Fariborz Zelli (Lund University), Karin Bäckstrand (Stockholm University) and Philip Schleifer (University of Amsterdam)

The growing complexity and polycentric nature of climate governance raises pressing questions about its legitimacy. Increasingly, climate governance crosses levels of analysis and involves public and private actors in a multitude of ways and institutional forums, calling into question traditional concepts and theories. Because of the on-going and fast-paced change in this and other areas, it is less clear than ever what the sociological and normative foundations of political legitimacy are. However, a clear understanding of how legitimate climate governance could look like, how it can be generated and maintained is central to a successful policy agenda.

To advance research on this important topic, INOGOV funded an international expert workshop on “Enhancing Legitimacy in Polycentric Climate Governance” on 19-20 May. The workshop was hosted by the European University Institute’s Robert Schuman Centre for Advanced Studies and took place in Villa Schifanoia in Florence. Co-hosting institutions were the political science departments of Lund University and Stockholm University.

Workshop organisers Fariborz Zelli, Karin Bäckstrand and Philip Schleifer welcomed over 20 scholars from 10 countries who contributed innovative papers and engaged in a first systematic and comprehensive analysis of legitimacy in an increasingly complex climate governance landscape. Participants included among others Robert Keohane, Liliana Andonova, Peter Haas and Steven Bernstein.

In his keynote address, Robert Keohane set the scene and outlined the broader research agenda on legitimacy in global climate governance. The workshop then continued along three sessions: (1) addressing dimensions of legitimacy in polycentric climate governance; (2) causes and consequences of legitimacy in this institutional complexity; (3) and new directions for researching legitimacy to account for this changing context.

In the first session, ”Taking Stock”, participants unpacked different concepts and understandings of legitimacy and how these relate to the emerging polycentricity of climate governance. This included the dichotomy between normative and sociological legitimacy, i.e. the distinction whether some form of rule can be determined as legitimate based on stipulated normative criteria or whether it is perceived or believed to be legitimate. One core argument emerging from this discussion was that that the emerging institutional complex on climate change creates a cross-institutional context of normative legitimacy: the individual institutions have to justify their decisions not only within their own governance domains but in the entire realm of climate governance.
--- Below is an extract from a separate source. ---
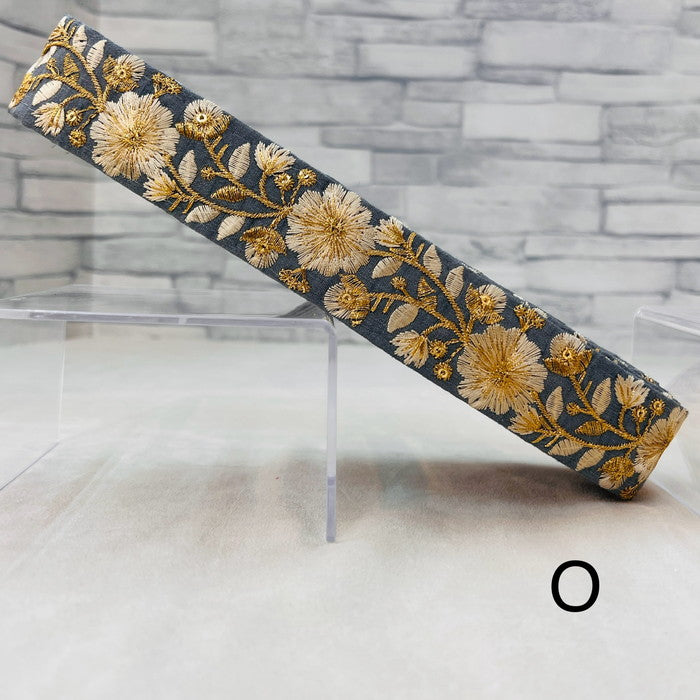【50cm単位】 刺繍リボン 大人気で再入荷 ゴールド糸で紡ぐ 華やかな花の奏で 刺繍リボン 布地 幅約3.3cm 2308010001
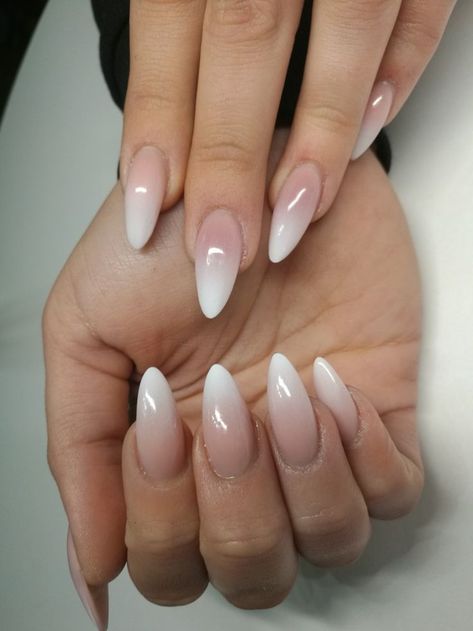 This is a beautiful natural look for your nails.  Very elegant and practical. Ambre Nails, French Fade Nails, Almond Nails French, Natural Looking Nails, French Pedicure, Natural Nail Designs, Nails Elegant, Nagellack Trends, Basic Nails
Another important theme was the contrast between input and output legitimacy, i.e. assessing legitimacy based on procedural values (e.g. transparency, accountability and participation) or based on policy impact (e.g. distributive justice, performance and effectiveness). In her session keynote, Liliana Andonova, targeted the input level, examining the different procedures, interest networks and power constellations that lead to the emergence of the institutional complex on clean energy. Harro van Asselt and Sander Chan, by contrast, scrutinised the output dimension of legitimacy with their study on the performance of transnational climate initiatives from the perspective of the Global South. Other questions discussed in this first session were the scope of legitimacy in a polycentric governance architecture (from individual institutions to institutional complexes), the sectoral focus (from specific issue areas like REDD+ or renewable energy to climate governance as a whole), levels and audiences of legitimacy.
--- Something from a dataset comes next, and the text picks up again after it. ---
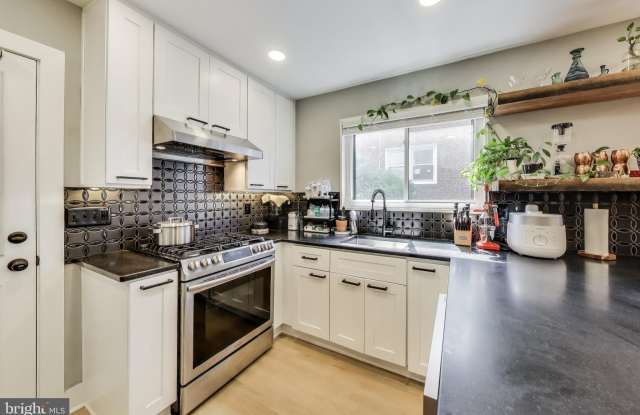 1225 EMERSON Street NE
The main topics of Session 2 on “Sources and Consequences” were strategies of legitimation or delegitimation and conflicting legitimacies. In his session keynote, Peter Haas addressed potential limits to the legitimation of epistemic institutions like the Intergovernmental Panel on Climate Change. He observed that scientists and those who design science-based institutions face several tensions, since they have to satisfy the legitimacy expectations of multiple and possibly competing audiences. In a similar vein, scholars analyzed conflicting legitimacies between institutions, such as tensions between the United Nations climate regime and the International Civil Aviation Organization.  In addition, the discussions focused on potential sources of legitimacy for specific elements of polycentric climate governance.  One contribution identified public opinion as an essential source of legitimacy, conducting a survey experiment on two private governance initiatives, the International Standards Organization (ISO) and the Forest Stewardship Council (FSC). Another key question in this session were the consequences of polycentricity for the legitimacy of individual institutions or an entire institutional complex. In particular, the discussion evolved around the changing role of the secretariat of the United Nations Framework Convention on Climate Change (UNFCCC). In a similar vein, the efforts of the UNFCCC’s Standing Committee on Finance to improve coherence and coordination in the delivery of climate finance across the polycentric governance system were scrutinized.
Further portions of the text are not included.